Bagikan:

JAKARTA - Jaksa Agung ST Burhanuddin kini jadi sorotan. Pernyataan dalam rapat kerja di Komisi III DPR ini menyoal korupsi di bawah Rp50 juta yang ingin diselesaikan Kejaksaan Agung dengan cepat lewat pengembalian uang negara.

Jaksa Agung memilih agar tersangka mengembalikan kerugian keuangan negara tersebut. Upaya tersebut menurut Jaksa Agung dilakukan sebagai bentuk pelaksanaan proses hukum secara cepat, sederhana, dan dengan biaya ringan.

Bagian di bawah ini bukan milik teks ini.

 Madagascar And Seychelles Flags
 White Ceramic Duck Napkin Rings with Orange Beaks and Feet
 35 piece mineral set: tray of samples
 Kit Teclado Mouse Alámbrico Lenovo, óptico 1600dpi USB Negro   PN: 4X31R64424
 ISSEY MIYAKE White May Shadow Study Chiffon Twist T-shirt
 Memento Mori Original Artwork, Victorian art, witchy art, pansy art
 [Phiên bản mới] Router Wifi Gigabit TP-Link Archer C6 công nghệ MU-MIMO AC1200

"Untuk tindak pidana korupsi dengan kerugian keuangan negara di bawah Rp50 juta diselesaikan dengan cara pengembalian kerugian keuangan negara," kata Burhanuddin, Kamis, 27 Januari. 

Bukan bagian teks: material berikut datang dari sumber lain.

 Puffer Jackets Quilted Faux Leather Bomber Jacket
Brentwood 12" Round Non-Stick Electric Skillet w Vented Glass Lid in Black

Pernyataan Jaksa Agung direspons para pegiat antikorupsi tentu termasuk oleh KPK. KPK mengatakan berapa pun nilai uang negara yang dikorupsi harus ditangani oleh aparat penegak hukum. Bahkan, jika kerugian negaranya tidak mencapai Rp50 juta.

"Negara kita adalah negara hukum yang pembentuknya adalah DPR dan pemerintah. Selama hal tersebut tidak diatur dalam UU kita sebagai penegak hukum tidak bisa berkreasi membiarkan korupsi di bawah Rp50 juta," kata Wakil Ketua KPK Nurul Ghufron kepada wartawan dalam keterangan tertulisnya, Jumat, 28 Januari.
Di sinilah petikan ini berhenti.